Did up several small Donny Musso style swimmers for when the stripers move back in during late April/early May out here. These guys are about 5" long and weigh between 1.5 and 1,75 ounces. All thru wired with a low slot Lefty 1 lip on the front. Put a small belly weight right at the balance point of the plug.

I have been trying for some time to find something that would mimick the iridescent colors that you see when you pull a striper out of the water as the light hits them just so. Bait fish out here seem to have the same kind of coloring. I think I finally found it! Pearl-Ex interference powders. Comes in a number of different colors. It's a fabirc dye that mixes up with createx clear quite nicely. I sprayed about 20 very thin coats of the mixture on top of the finish paint coats before I put on the finish epoxy coats and was delighted with the results. The plugs glow in the sunlight.

Tough to photograph... But you'll see the purplish highlites, especially on the olive/silve plug and the pinkish glow over the pearl white under coat on the other ones. It's pretty cool the way it moves and changes in the light.

Thought somebody else might like to try it out.

Funny thing... I set them up to swim top water and they were terrible! So I bent the line tie up and they swim sub-surface like a dream! Beautiful snakey action in the current. Might even try them trolling! Go figure....

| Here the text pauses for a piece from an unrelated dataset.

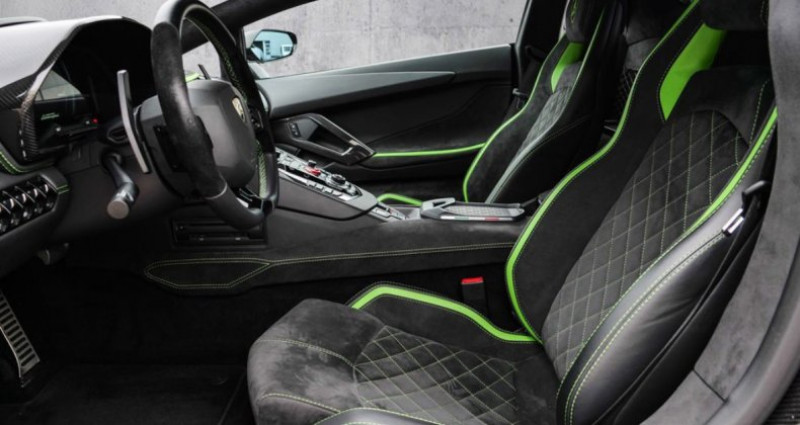 Lamborghini Aventador S coupe Verde Mantis  occasion � Sainte Genevi�ve Des Bois - photo n�4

This stuff continues to confound and delight....


----------



## Cutt'em Jack (Feb 17, 2008)

Very nice!


----------



## Coon_Shark (Feb 6, 2006)

Nice tones! I like the light green back with the silver/orange on the bottom. Makes me wanna fish.


----------



## vc1111 (Apr 13, 2004)

Looks like they worked out great for you. You'll be armed and dangerous when you hit the waters.


----------